What a Mistake

I don’t often talk about my work here, at least not in any substantial way, and while this Huffington Post article may seem ultra-specific to Grief Counselors and the people we treat, that is not the case.

For years now, the professional psychiatric community has debated (and debated and debated) what should never have been a question at all — whether or not to include “Complicated Grief” in the new DSM 5 (the diagnosis bible of psychiatry). What’s the big deal you may well ask? The big deal is this: if grief — in any form — becomes part of the DSM, grief — in all its forms — automatically becomes an illness — an ILLNESS, rather than what it is — a normal, natural process of life — not a fun process, nor an easy one, but a natural process nonetheless — NOT an illness.

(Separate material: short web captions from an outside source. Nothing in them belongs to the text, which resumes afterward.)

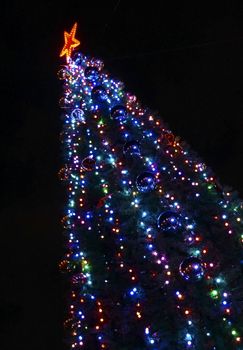 Christmas tree decorated with colorful bright lights cropped diagonally                               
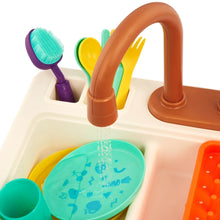 Toddler plastic sink set with brown faucet, colorful brushes, and teal dish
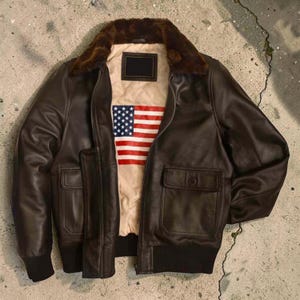 Puede incluir: Chaqueta bomber de cuero marrón con cuello de piel y dos bolsillos delanteros. El forro interior de la chaqueta presenta la bandera americana. La chaqueta tiene dobladillo y puños de canalé.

What has bothered me most about this debate are those in my own profession — those who have chosen to counsel only, specifically, the bereaved — who SUPPORT this idiocy. Personally, I believe their support comes from a need to somehow be legitimatized by the “real” psychiatric professionals (the APA) — but shows a lack of understanding and complete disrespect for what we do.

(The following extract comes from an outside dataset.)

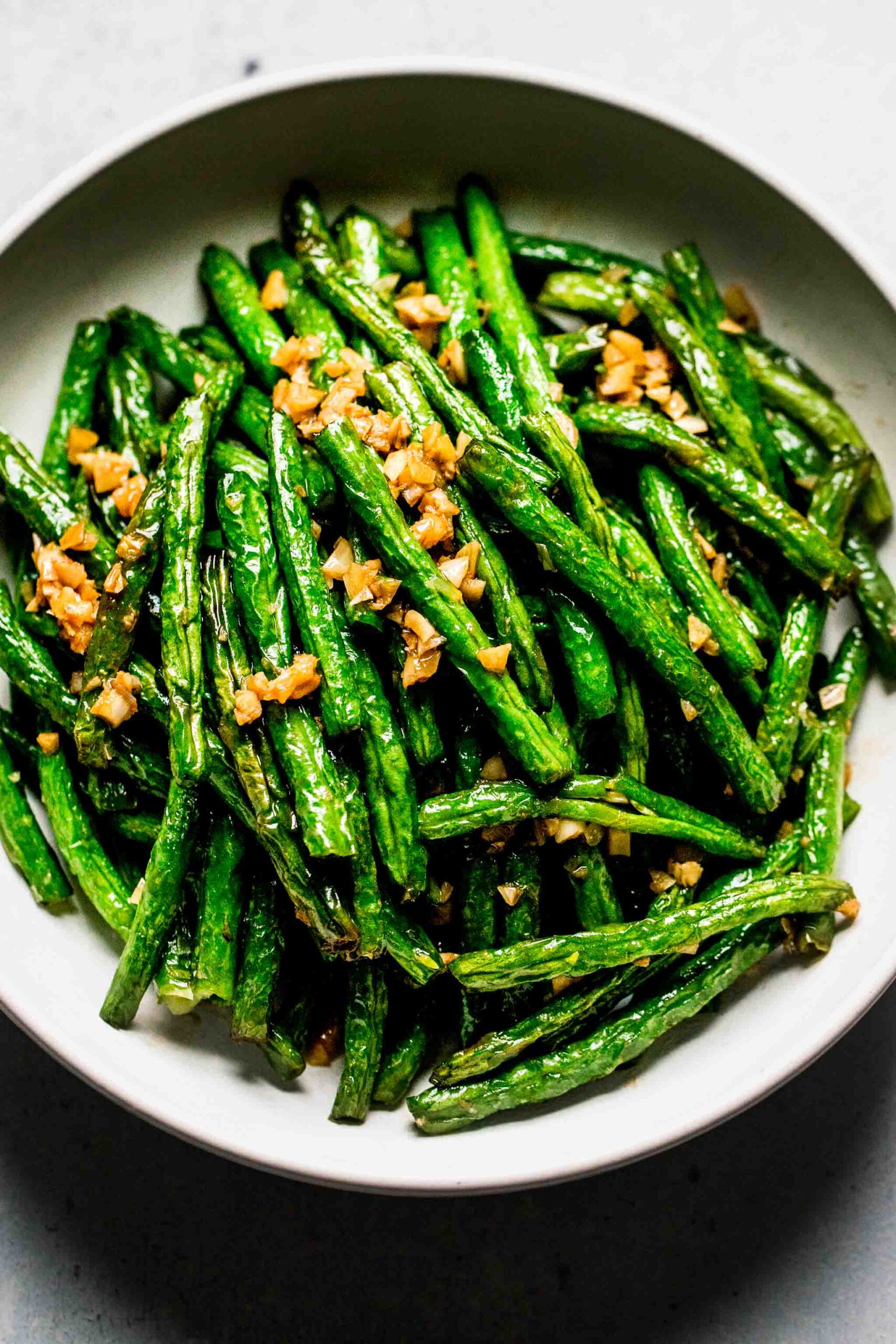 Overhead shot of din tai fung style green beans in white serving bowl.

This ridiculous change to DSM 5, puts our patients at risk. Dr Cacciatore’s letter explains this far better than I, but simply put, the change would make possible the labeling of  people grieving the loss of a loved one as mentally ill.  (Dr Cacciatore speaks specifically to bereaved parents, but what she says is true of all loss.)

Imagine that. Imagine what it means in our society to be termed “mentally ill”. What it costs — financially, ethically, morally, spiritually — and then imagine what it could mean to label as mentally ill anyone (aka Everyone) who has ever been “grief stricken”.

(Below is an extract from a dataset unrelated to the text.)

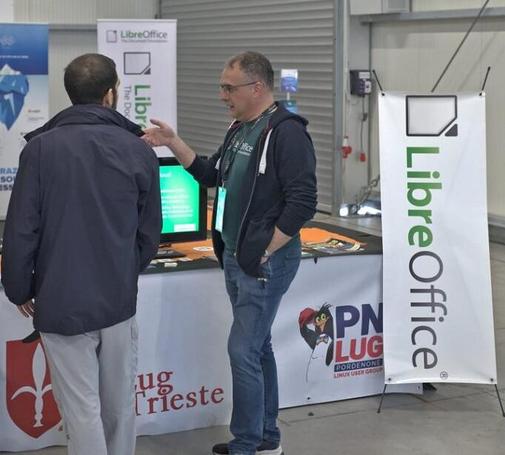 Photo of LibreOffice stand and attendees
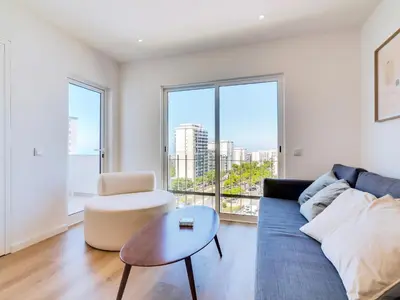 a living room with a blue couch and a table at AL Apartamento Alsol in Quarteira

One thought on “What a Mistake

  1. Katley says:

    Grief is not a pathology, but a very normal process that everyone experiences. Everyone grieves a loss, whether that be a loved one, a job, or a dream. Unresolved grief, or getting stuck in the grief process can sometimes often lead to depression, which is anger turned inward. In this case, visiting a mental health professional can help sort things out. Thanks for speaking out on this topic, Kitty!